The negative market response to the news was also mitigated somewhat by a wider Asian rally as fears that Britain would leave the European Union abated on Monday. The broader NSE Nifty even gained 0.4 percent.
Analysts say the new governor would need to be a deft manager of currency markets, as India is bracing for about $20 billion in outflows starting in September as dollar-term deposits raised from citizens abroad during a currency crisis in 2013 mature.
Finance Minister Arun Jaitley on Monday sought to reassure investors about the ministry's selection process for a new governor and the government's commitment to the monetary policy reforms undertaken by Mr Rajan.
"I am confident whoever is his successor will be a good person. The government will take a decision after deliberating all factors," Mr Jaitley told Zee News TV network.

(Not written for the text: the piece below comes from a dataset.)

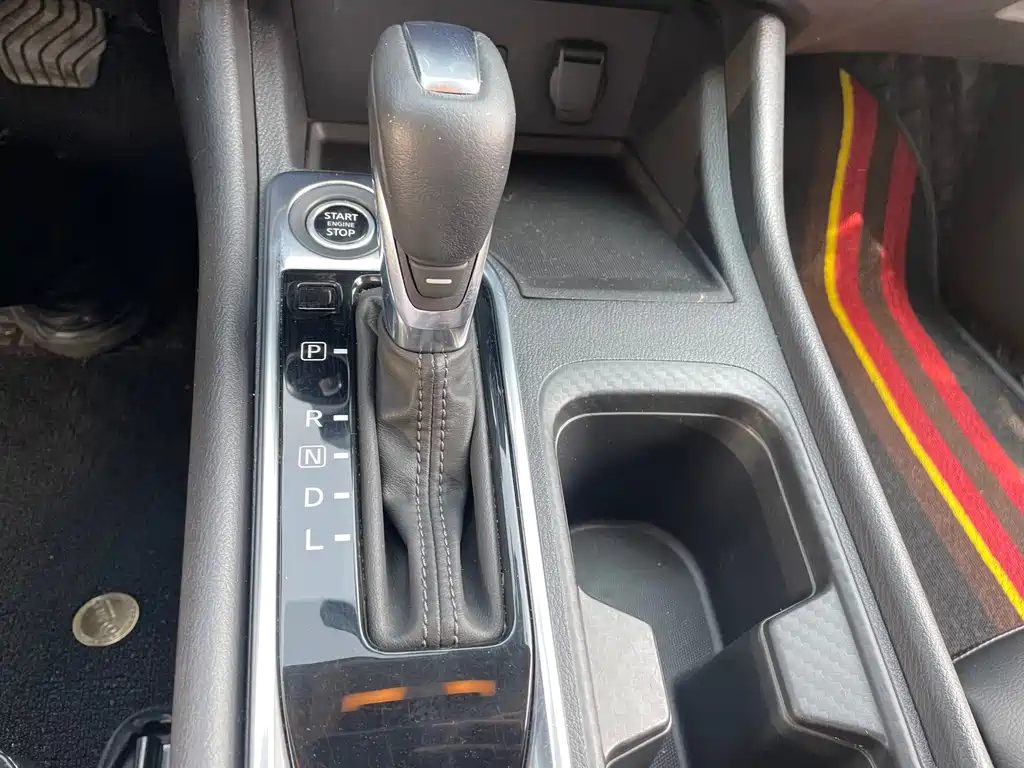 NISSAN SYLPHY 2021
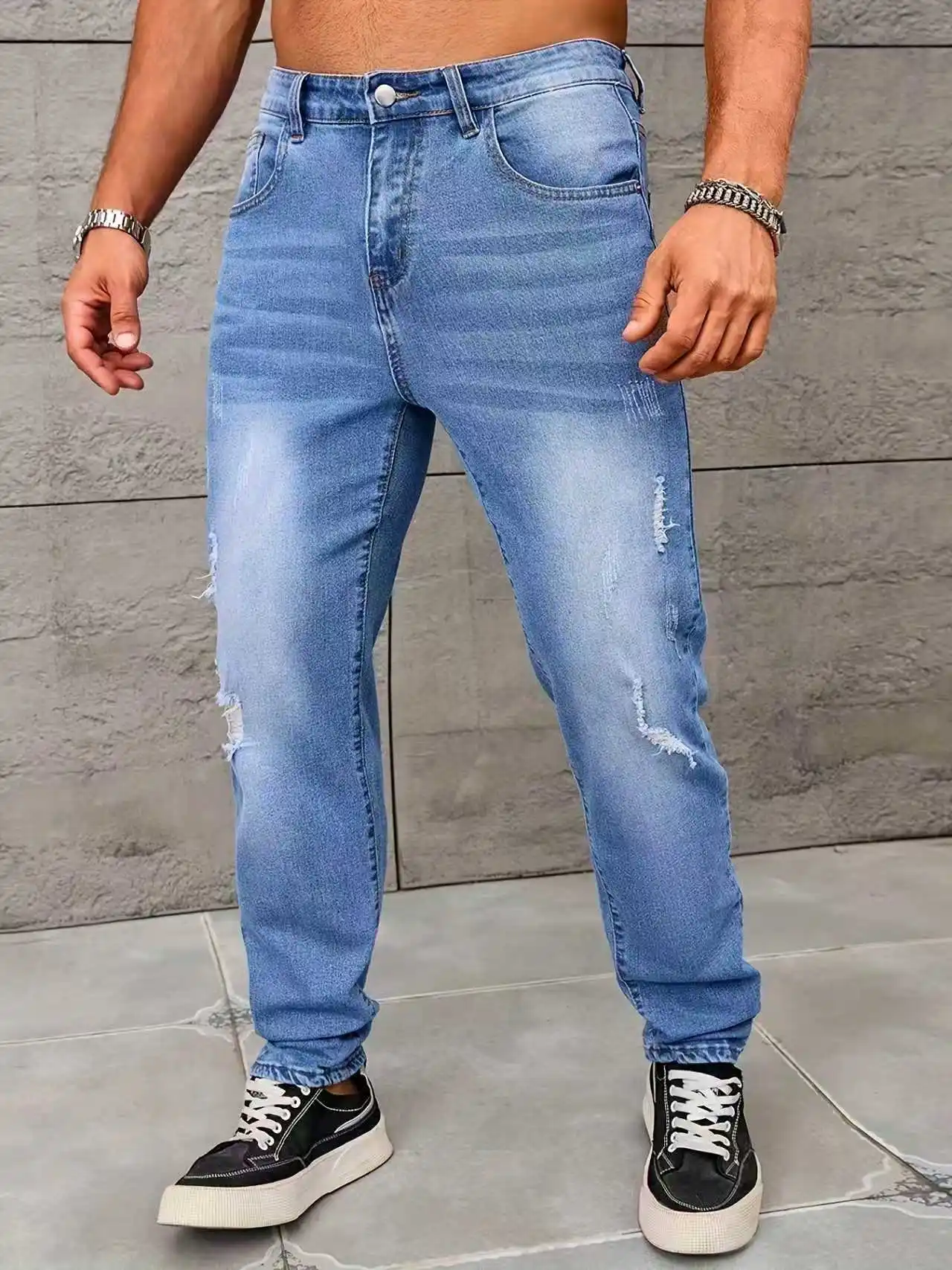 Pantaloni in denim strappati da uomo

"The country's economy is driven by strong fundamental factors. Essentially, Mr Rajan's contribution was good. I strongly feel that the economy will be on the right track considering the environment."
The benchmark 10-year bond yield ended down 1 basis point at 7.49 percent, after earlier touching as much as 7.55 percent, its highest since mid-March.
INDIA'S FUNDAMENTALS
Though analysts had speculated Rajan might not pursue a second term, few had foreseen an announcement would come in the form of a letter to staff.
Mr Rajan, a former International Monetary Fund chief economist, has been popular with foreign investors due to his efforts to tackle inflation and rescue India from its worst financial crisis in more than two decades when he took the role in 2013.
He also helped build foreign exchange reserves to a record high and implemented major market reforms including re-launching bond futures, while pushing to clean up the debt-laden banking sector.
Beyond his departure, India still retains significant appeal for investors and is seen better-positioned than other emerging markets to ride out volatility should Britain vote to leave the EU.
Meanwhile, investors are also hopeful Prime Minister Narendra Modi's government can deliver promised reforms such as a nationwide goods and services tax.
Foreign investors have been net buyers of Indian shares since the start of March and have bought a net $2.8 billion so far this year, but sold a net $1.4 billion in debt.
"From a rating perspective, policies are more important than personalities," Fitch Ratings said on Monday, lauding progress in dealing with high inflation and weak bank balance sheets.
"Such institutionalisation implies support for these policies beyond the governor, also among government officials and broader within the RBI."